Ambitny program władz rosyjskich mający na celu całkowite zastąpienie importu w przemyśle lotniczym był „pozorowaniem działania” – powiedziały rosyjskiemu serwisowi BBC źródła branżowe. Pomimo oświadczeń Siergieja Czemiezowa, szefa korporacji zbrojeniowej Rostech, w skład której wchodzą też zakłady produkujące samoloty pasażerskie (OAK), o gotowości konkurowania z Boeingiem, po rozpoczęciu inwazji na Ukrainę z przedwojennych zapasów Rosjanie złożyli siedem samolotów pasażerskich SuperJet 100 (SSJ-100), zauważa BBC.
Sankcje blokują produkcję SSJ-100 w Rosji
Oprócz tych Superjetów zbudowali jeszcze dwa prototypowe samoloty - Ił-96-400M i Ił-114. Odbyły one loty testowe. W obliczeniach BBC wykorzystało nieoficjalne rejestry i materiały medialne, bowiem oficjalny rejestr statków powietrznych został przez władze utajniony w 2024 r.
Zgodnie z przyjętym w czerwcu 2022 roku Kompleksowym Programem Rozwoju Przemysłu Transportu Lotniczego do 2030 roku rosyjski przemysł lotniczy miał wyprodukować 1032 samoloty pasażerskie. W tym do końca 2022 roku - 14 samolotów, w 2023 - 25 samolotów, a 69 SSJ-100 do końca 2024. Jednak ze względu na sankcje Zachodu realizacja planu okazała się niemożliwa i terminy dwukrotnie przesuwano.
Bez zachodnich części Rosja ma problemy z produkcją silników, awioniki, elementów wyposażenia wnętrz i wielu innych składowych samolotu – zauważają rozmówcy BBC. Ponadto przekierowanie personelu inżynieryjnego i projektowego do zadań przemysłu wojskowego utrudnia budowę maszyn dla lotnictwa cywilnego.
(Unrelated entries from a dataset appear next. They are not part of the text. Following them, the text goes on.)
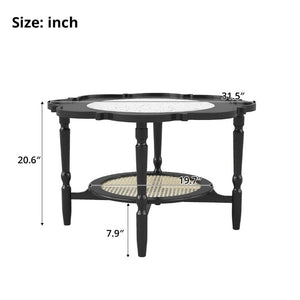 English Elm Mid-Century Petal Shaped Coffee Table with Crackle Glass Top and Woven Rattan Shelf Black N735P488090B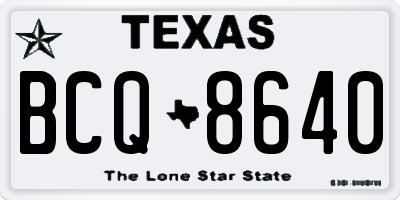 TX license plate BCQ8640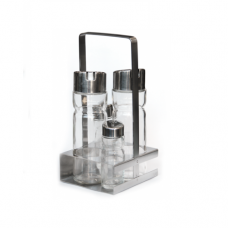Oliviera 5 piese, cu suport inox patrat RAKI PREMIUM maner patrat, 2 sticle ulei/otet, solnita si pipernita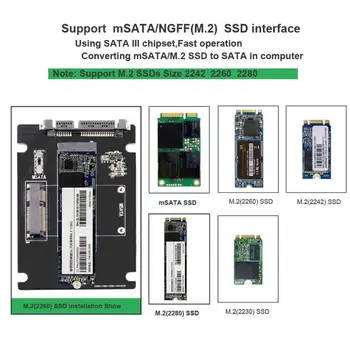 97x65x5mm mSATA/NGFF M2 to SATA adapter konwerter NGFF SSD mSATA na SATA III adaptery obsługują połowę wielkości i pełny rozmiar mSATA SSD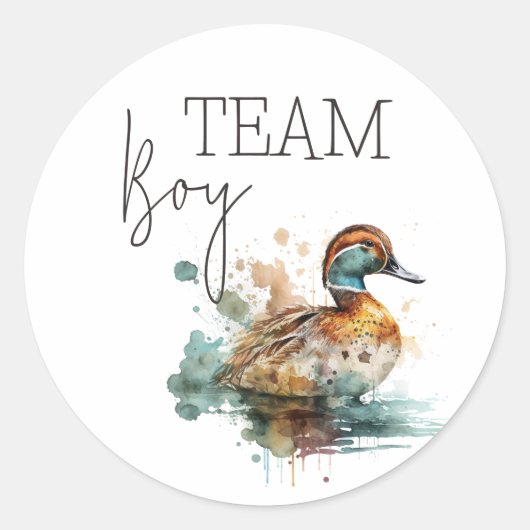 Waddle It Be Duck Genderonthulling Team Boy Stemme Ronde Sticker (Voorkant)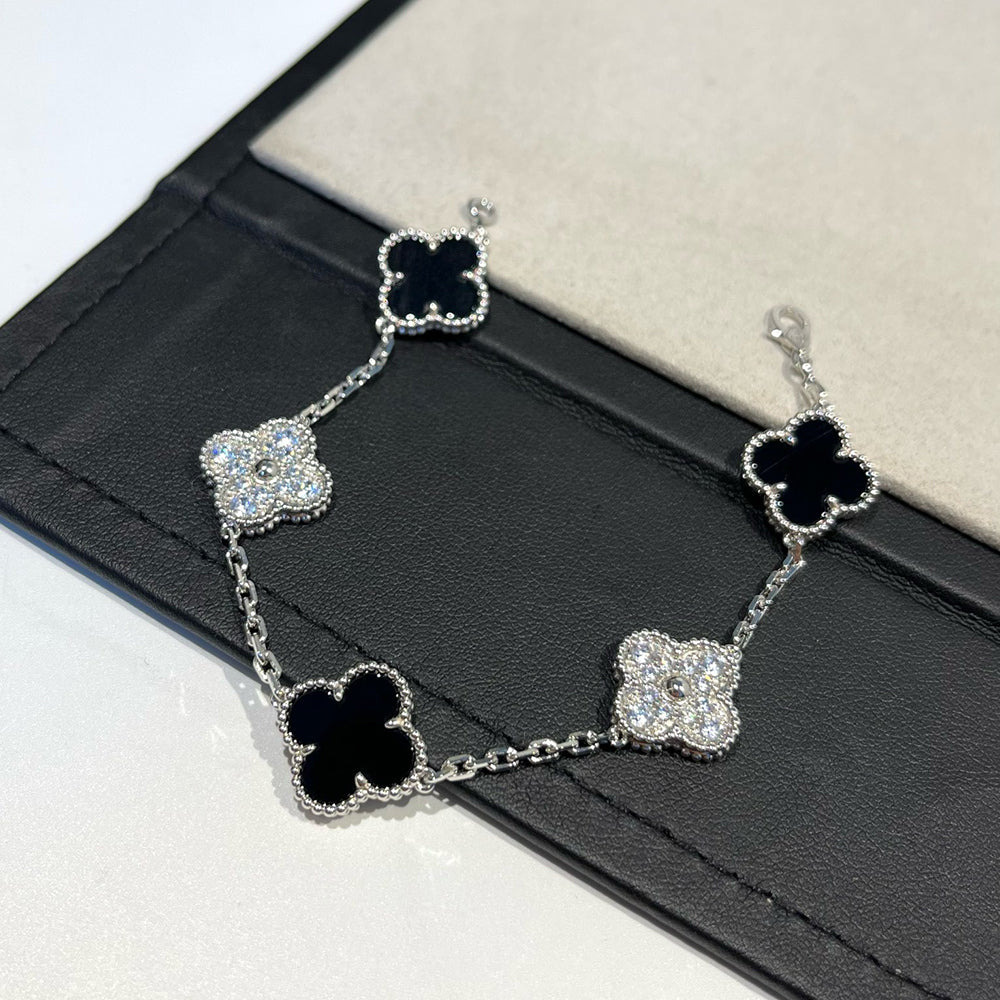 [Everoly JW]クローバー 5モチーフ オニキス ダイヤモンド ブレスレット シルバー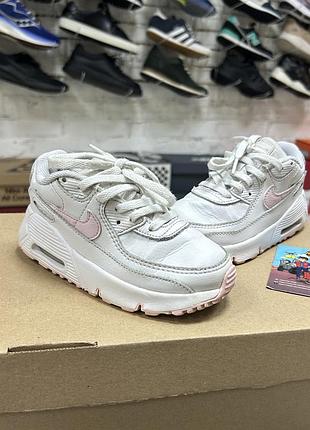 Дитячі кросівки nike air max 90 ltr оригінал білі рожеві повсякденні шкіряні світлі літні легкі бу 27 р класичні мʼякі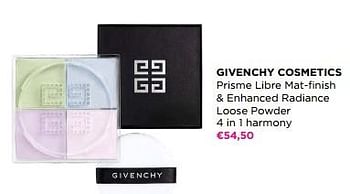 Promotions Givenchy cosmetics prisme libre mat-finish + enhanced radiance loose powder 4 in 1 harmony - Givenchy - Valide de 15/05/2023 à 28/05/2023 chez ICI PARIS XL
W Rosji brakuje szkół, które mogłyby kształcić pilotów i techników do obsługi starych sowieckich modeli samolotów (Ił-96, Tu-214 itp.), które teoretycznie mogłyby tymczasowo wspierać flotę rosyjskich przewoźników.
Nie ma z czego remontować zachodnich maszyn w Rosji
Wiosną 2022 roku w Rosji latało 1101 samolotów pasażerskich. BBC zauważa, że 738 z nich to maszyny produkcji zagranicznej, które obsłużyły około 95 proc. rosyjskiego ruchu pasażerskiego. Obecnie rosyjskie linie lotnicze utrzymują się na rynku naprawiając zachodnie samoloty zawłaszczone przez Kreml od leasingodawców na początku wojny. Przewoźnicy wykorzystują do remontów części zamienne z innych samolotów, rozbierają całe maszyny na części lub wykorzystują szarą strefę do importu potrzebnych elementów.